|Pawlowski, Michelle - University Of Illinois|
|Hill, Curt - University Of Illinois|
Submitted to: Crop Science
Publication Type: Peer Reviewed Journal
Publication Acceptance Date: 11/21/2014
Publication Date: 1/7/2015
Citation: Pawlowski, M.L., Hill, C.B., Hartman, G.L. 2015. Resistance to charcoal rot identified in ancestral soybean germplasm. Crop Science. 55:1230-1235. DOI: 10.2135/cropsci2014.10.0687.
Interpretive Summary: Charcoal rot is caused by a fungal pathogen that resides in the soil throughout the soybean growing regions in the United States. The disease is economically important on soybean and other crops including maize, sorghum, and sunflowers. Without effective cultural or chemical options to control charcoal rot in soybean, finding sources of genetic resistance is of high interest. In this study, 70 ancestral soybean genotypes were screened for resistance to the fungus under controlled greenhouse conditions. A series of experiments was completed and three soybean genotypes were found to have higher levels of resistance than the resistant check used for comparison. These sources of resistance will be useful as parents for developing soybean cultivars with charcoal rot resistance. This report will be of interest to soybean pathologists, soybean breeders, and other soybean scientists interested in increasing soybean resistance to this disease which would benefit soybean farmers.

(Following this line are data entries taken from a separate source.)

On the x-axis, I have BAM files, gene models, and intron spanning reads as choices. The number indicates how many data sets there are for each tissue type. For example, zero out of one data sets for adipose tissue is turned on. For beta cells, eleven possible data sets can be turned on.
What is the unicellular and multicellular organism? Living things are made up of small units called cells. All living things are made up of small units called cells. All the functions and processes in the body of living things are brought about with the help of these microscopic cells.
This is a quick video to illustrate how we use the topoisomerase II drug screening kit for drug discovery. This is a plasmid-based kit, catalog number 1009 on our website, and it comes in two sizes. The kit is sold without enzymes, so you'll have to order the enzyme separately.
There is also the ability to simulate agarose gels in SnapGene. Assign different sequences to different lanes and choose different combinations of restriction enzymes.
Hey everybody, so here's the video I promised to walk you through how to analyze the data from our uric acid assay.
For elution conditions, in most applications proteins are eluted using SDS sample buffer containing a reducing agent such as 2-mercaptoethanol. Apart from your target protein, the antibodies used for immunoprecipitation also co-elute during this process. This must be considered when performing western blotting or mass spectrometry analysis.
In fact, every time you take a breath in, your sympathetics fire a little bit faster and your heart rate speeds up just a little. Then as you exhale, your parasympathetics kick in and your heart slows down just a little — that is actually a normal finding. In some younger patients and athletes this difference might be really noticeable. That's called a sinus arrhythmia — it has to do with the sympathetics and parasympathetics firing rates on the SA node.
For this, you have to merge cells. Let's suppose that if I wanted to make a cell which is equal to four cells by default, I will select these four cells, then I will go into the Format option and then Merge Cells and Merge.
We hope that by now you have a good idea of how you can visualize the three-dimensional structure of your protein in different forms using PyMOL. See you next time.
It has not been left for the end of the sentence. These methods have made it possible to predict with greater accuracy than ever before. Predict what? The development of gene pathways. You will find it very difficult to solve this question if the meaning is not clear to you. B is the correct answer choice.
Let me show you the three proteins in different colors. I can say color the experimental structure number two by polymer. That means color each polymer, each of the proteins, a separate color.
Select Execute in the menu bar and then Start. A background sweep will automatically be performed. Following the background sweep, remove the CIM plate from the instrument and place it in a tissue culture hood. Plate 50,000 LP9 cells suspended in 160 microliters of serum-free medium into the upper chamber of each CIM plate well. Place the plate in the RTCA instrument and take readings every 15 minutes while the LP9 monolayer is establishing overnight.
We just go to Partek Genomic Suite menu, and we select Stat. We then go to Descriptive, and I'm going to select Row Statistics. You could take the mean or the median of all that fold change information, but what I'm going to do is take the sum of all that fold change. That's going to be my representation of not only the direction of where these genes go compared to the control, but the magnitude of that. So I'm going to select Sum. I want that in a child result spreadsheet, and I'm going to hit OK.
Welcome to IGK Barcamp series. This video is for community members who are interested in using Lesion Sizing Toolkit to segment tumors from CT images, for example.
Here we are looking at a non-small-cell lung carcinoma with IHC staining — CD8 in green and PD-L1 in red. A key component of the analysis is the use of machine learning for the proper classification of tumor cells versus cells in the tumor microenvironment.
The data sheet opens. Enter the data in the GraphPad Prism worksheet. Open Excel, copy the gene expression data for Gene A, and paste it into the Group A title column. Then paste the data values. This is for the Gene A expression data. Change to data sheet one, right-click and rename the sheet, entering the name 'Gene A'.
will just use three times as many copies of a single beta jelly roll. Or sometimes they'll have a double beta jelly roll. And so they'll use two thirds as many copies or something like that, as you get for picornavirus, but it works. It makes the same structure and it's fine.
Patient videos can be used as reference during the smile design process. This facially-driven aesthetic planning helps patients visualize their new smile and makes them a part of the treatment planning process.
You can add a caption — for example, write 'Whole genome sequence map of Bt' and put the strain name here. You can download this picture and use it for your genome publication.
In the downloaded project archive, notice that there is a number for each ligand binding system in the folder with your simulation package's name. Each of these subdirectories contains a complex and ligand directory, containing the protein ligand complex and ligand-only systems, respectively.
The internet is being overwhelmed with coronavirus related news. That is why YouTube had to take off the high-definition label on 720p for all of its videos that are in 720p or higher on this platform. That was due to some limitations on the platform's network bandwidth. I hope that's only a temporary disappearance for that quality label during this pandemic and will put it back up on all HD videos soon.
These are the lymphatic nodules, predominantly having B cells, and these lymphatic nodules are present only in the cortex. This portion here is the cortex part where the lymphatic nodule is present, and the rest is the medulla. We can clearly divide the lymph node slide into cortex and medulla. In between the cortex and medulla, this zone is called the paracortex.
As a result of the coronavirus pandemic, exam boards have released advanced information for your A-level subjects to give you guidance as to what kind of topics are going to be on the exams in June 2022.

Technical Abstract: Charcoal rot, caused by the fungal pathogen Macrophomina phaseolina, is an economically important disease on soybean and other crops including maize, sorghum, and sunflowers. Without effective cultural or chemical options to control charcoal rot in soybean, finding sources of genetic resistance is of high interest. In this study, 70 ancestral soybean genotypes were screened for resistance to M. phaseolina using a cut-stem inoculation technique under controlled greenhouse conditions. Lesion progression on the stems in the first experiment was measured 7 to 15 days after inoculation. Three follow-up experiments were conducted to select and confirm the genotypes with the strongest partial resistance. Two experiments evaluated lesion lengths and the third experiment evaluated seedling survival. In the two experiments measuring lesion lengths, PI 548302 (42 and 38 mm) and PI 548414 (36 and 52 mm) had significantly shorter lesion lengths than the moderately resistant genotype, DT97-4290 (58 and 87 mm). In the last experiment, percent survival of PI 548414 (88%), PI 548302 (81%), and PI 548178 (66%) were significantly higher than survival of DT97-4290 (32%). These three genotypes will be useful as parents for developing soybean cultivars with charcoal rot resistance.